HOW TO COMPLETE THIS TASK: Please restate word for word all lines from the one containing "Eventually, they will" to the final line of the entries, and include no pictures.

::::::::::

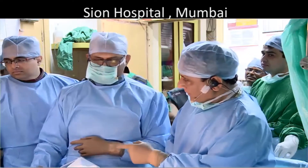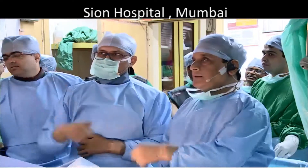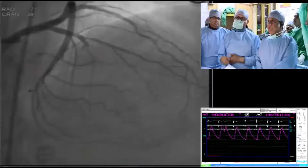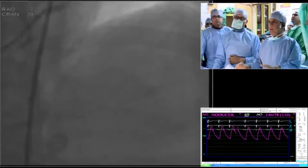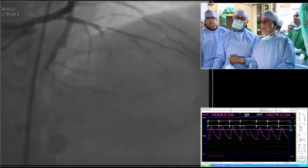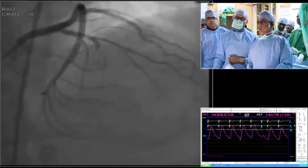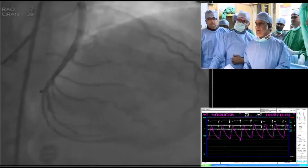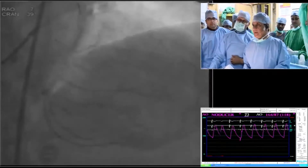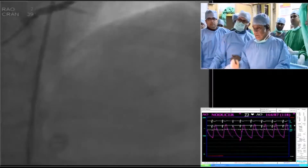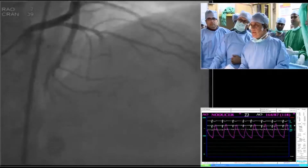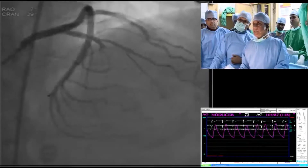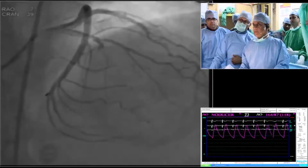We can play that. Now, you see here there is a total occlusion of the LAD after the septal and the diagonal. You see the distal LAD fills by the collateral. It's a left-dominant system.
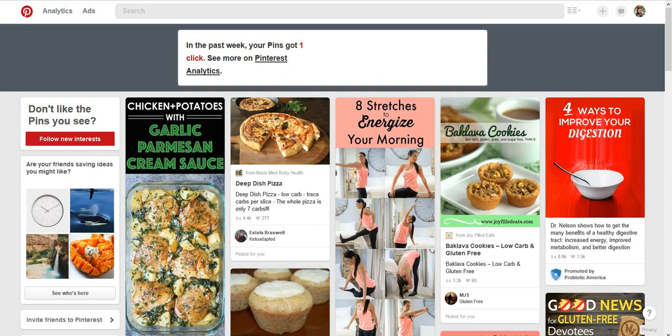Hey everyone, Amber Tamerity here and real quick today I want to show you how to confirm your site with Pinterest. This is important for a number of reasons.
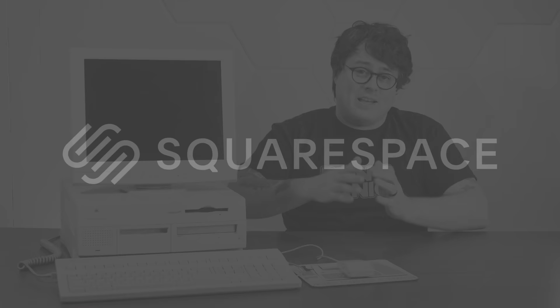Today's Macintosh shenanigans are brought to you by Squarespace. But more on that in a bit.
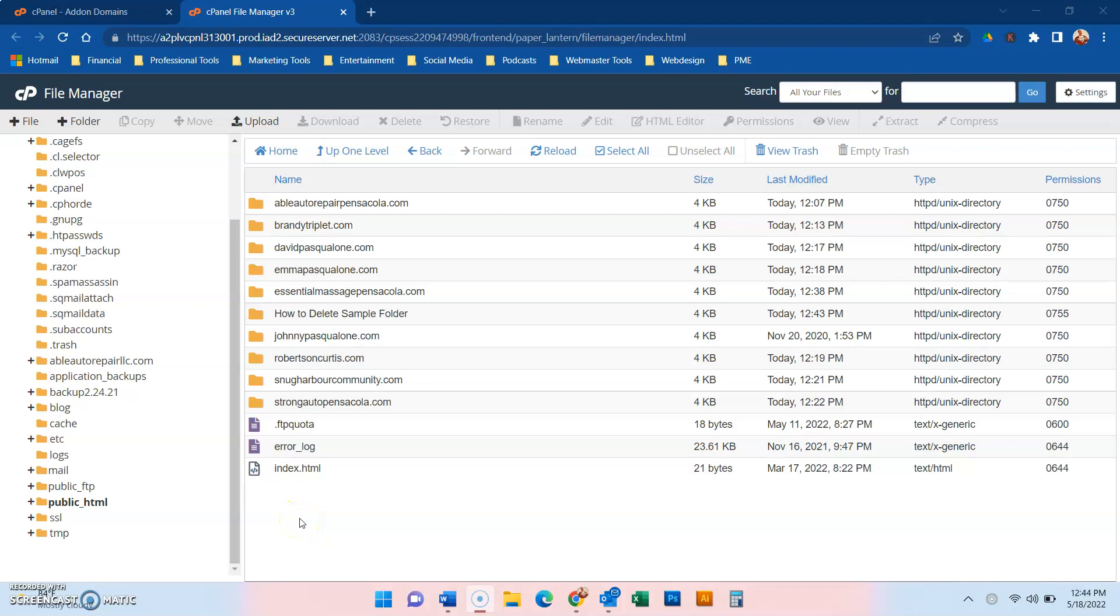Hello friends, this is David Pasqualone and I'm making a short video on how do I delete a public HTML folder in cPanel File Manager.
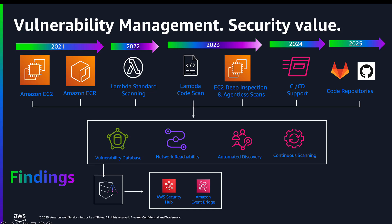Today, we allow you to shift even further to the left by allowing you to connect your code repositories directly into Inspector so that it can scan for code vulnerabilities. Across all this continuous coverage, we generate findings using the various sources in our vulnerability database and can further help to contextualize these risks using our network reachability analysis, helping you prioritize findings faster.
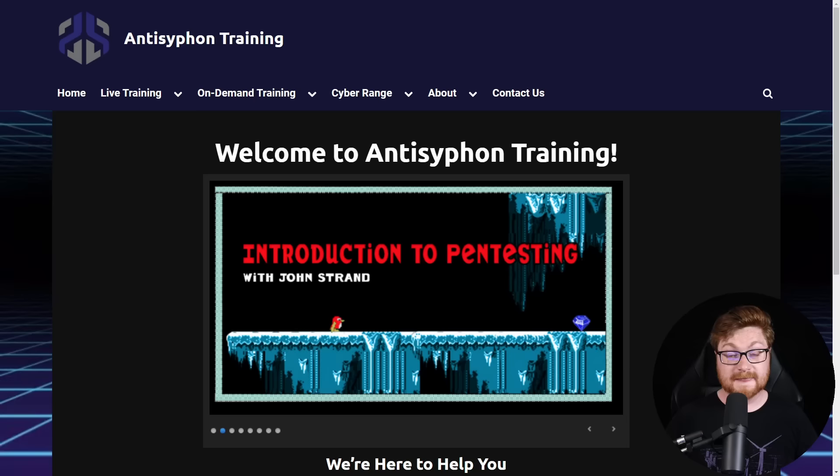There are so many different options for cyber security training, but not all of them are at an affordable price tag or accessible and approachable in the way that you like to learn. So Anti-Siphon Training, associated with Black Hills Information Security and all of that family of companies put together by John Strand, have an incredible option called pay what you can.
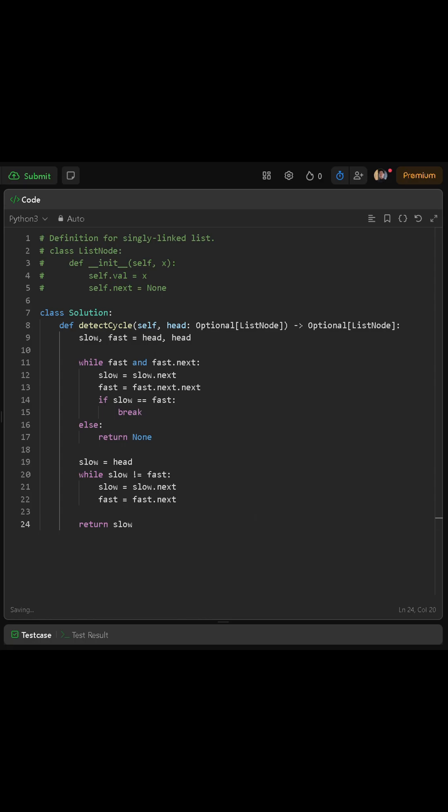Eventually, they will meet again, and the node where they meet is the start of the cycle. At that point, we return slow, which is the node where the cycle begins.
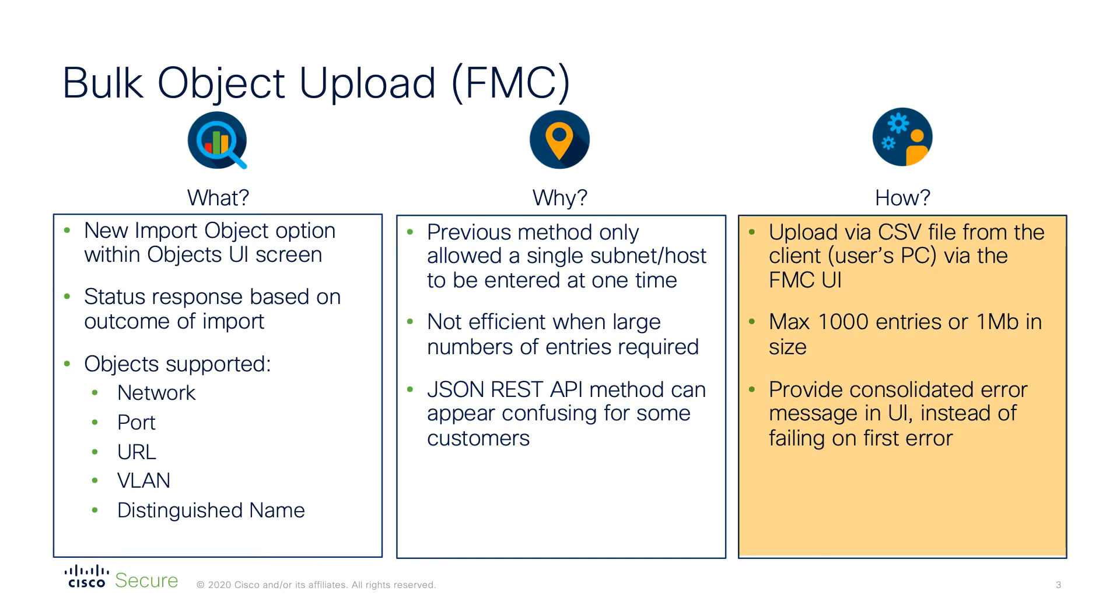First, you will need to create a CSV file containing the objects you wish to upload. Once you have the CSV file, simply navigate to the object management screen and select the option to import objects. Browse to your file and select import. In this release, we support up to 1000 entries within the CSV file, or a maximum file size of 1 megabyte.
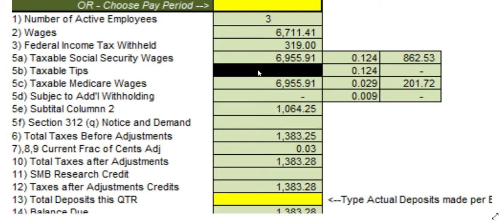Taxable Medicare wages can be higher than Social Security because Social Security has a maximum wage amount every year — it's like $138,000-something right now — while Medicare gets taxed all the way up infinitely. At over $200,000, I believe there's an additional 0.9% Medicare tax. That additional Medicare withholding is right here at a 0.9% rate, above I believe $200,000. I have it in the formulas; I just can't remember off the top of my head.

::::::::::

SOLVED PROBLEM:
Eventually, they will meet again, and the node where they meet is the start of the cycle. At that point, we return slow, which is the node where the cycle begins.
First, you will need to create a CSV file containing the objects you wish to upload. Once you have the CSV file, simply navigate to the object management screen and select the option to import objects. Browse to your file and select import. In this release, we support up to 1000 entries within the CSV file, or a maximum file size of 1 megabyte.
Taxable Medicare wages can be higher than Social Security because Social Security has a maximum wage amount every year — it's like $138,000-something right now — while Medicare gets taxed all the way up infinitely. At over $200,000, I believe there's an additional 0.9% Medicare tax. That additional Medicare withholding is right here at a 0.9% rate, above I believe $200,000. I have it in the formulas; I just can't remember off the top of my head.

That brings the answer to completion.